L'homologation de l'UE est considérée comme une étape importante pour la technologie de l'hydrogène dans les engins de construction. Elle confirme que le moteur respecte toutes les normes européennes en matière d'émissions et de sécurité. JCB peut désormais installer les moteurs en série dans les engins de construction et les vendre dans toute l'Europe. Jusqu'à présent, seuls des prototypes ont été testés sur le terrain.
JCB développe la combustion de l'hydrogène depuis plusieurs années. L'avantage : l'architecture moteur existante peut être utilisée. Contrairement aux piles à combustible, les catalyseurs et les piles coûteux sont supprimés. La densité de puissance est proche du diesel. Pour les chargeuses-pelleteuses et les chargeuses sur pneus, qui travaillent souvent plus de 10 heures d'affilée, c'est un point décisif. Les réservoirs d'hydrogène peuvent être remplis en 5 à 10 minutes, bien plus rapidement que la recharge des batteries.
L'entreprise a déjà plusieurs prototypes en service. Notamment une excavatrice de 20 tonnes et une chargeuse télescopique. Les machines travaillent sur des chantiers en Grande-Bretagne. Les premiers clients testent l'entraînement dans des conditions réelles. JCB collecte des données sur la consommation, les heures de fonctionnement et les temps d'arrêt. L'homologation ouvre maintenant la voie à la production en série.

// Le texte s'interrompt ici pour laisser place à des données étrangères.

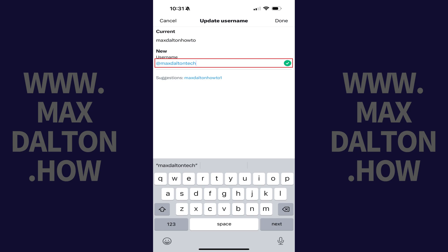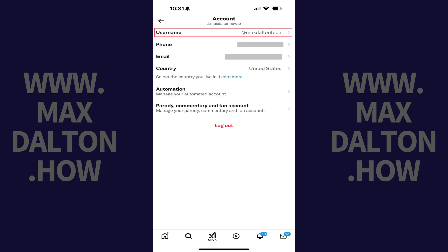Step 6: Tap Done. You'll return to your X account screen, where you'll see your new X username in the Username field.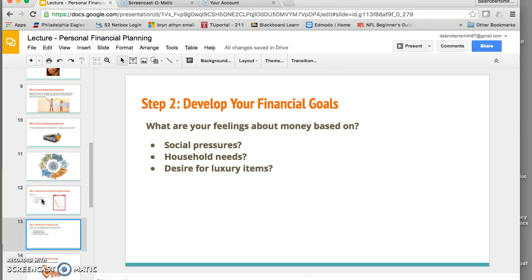In this step, you also want to think about your feelings about money and what they're based on. Are they based on social pressures or household needs? Someone just coming out of school has very different needs than someone who is married with kids and responsible for providing for them. You also need to reflect on whether you have a desire for luxury items, and whether the things you're buying are wants or needs — something we'll explore more later in class.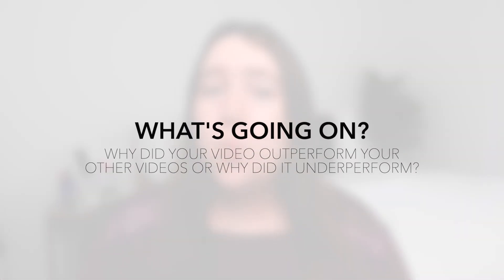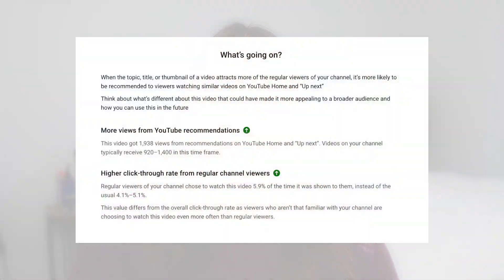Possibly my favorite stat in the entire YouTube Creator Studio is titled 'What's Going On.' This is a written summary YouTube gives you on any one of your videos that explains exactly why it's performing really well or underperforming. Unfortunately, YouTube only shows this on your most recent videos, so you want to check it the day of or the day after you post. In a recent video of mine that performed better than my last eight videos, YouTube explained it did better because more of my regular viewers were clicking and watching, and it got more clicks when YouTube put it on people's recommended pages.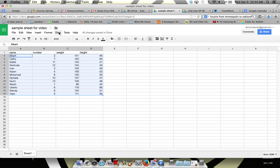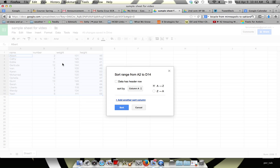And then I'll just go up to Data, and then I have a bunch of different sort options. What I want to select is sort range, because it gives me the most control over what I'm sorting, so I click sort range.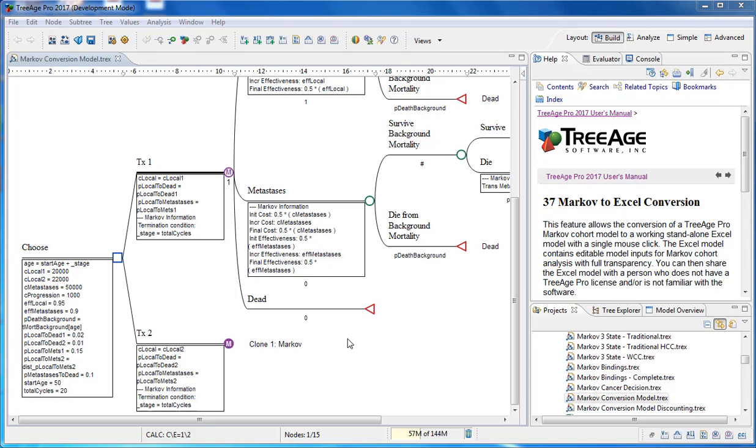The Markov to Excel capability in TreeHPRO supports the conversion of a TreeHPRO Markov cohort model to a fully functioning standalone Excel model.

L'industrie observe cette avancée avec intérêt. Tandis que Volvo, Liebherr et Caterpillar misent fortement sur les entraînements électriques, JCB poursuit une approche différente. Les systèmes à piles à combustible, comme ceux testés par Komatsu, restent coûteux et peu fiables. Le moteur à combustion d'hydrogène pourrait être une technologie de transition plus pragmatique, notamment pour les machines lourdes dans les travaux souterrains et les terrassements.
La question de l'infrastructure reste critique. Les stations d'hydrogène sont rares, particulièrement sur les chantiers loin des villes. La production d'hydrogène vert est énergivore et coûteuse. Sans capacités de production suffisantes, la technologie reste un produit de niche. JCB compte sur les gouvernements et les fournisseurs d'énergie pour développer l'infrastructure. La stratégie hydrogène de l'UE prévoit un développement massif d'ici 2030.
Pour les entrepreneurs en bâtiment, cette homologation signifie avant tout : attendre. Les premières machines de série ne sont pas attendues avant 2025. JCB n'a pas encore communiqué les prix. Ce qui est clair : l'entraînement sera plus cher que le diesel, mais moins cher que les systèmes à piles à combustible. Quiconque investit maintenant dans des flottes devrait vérifier la disponibilité d'hydrogène dans sa région. Pour les chantiers urbains soumis à des normes d'émissions strictes, cette technologie pourrait devenir une véritable alternative.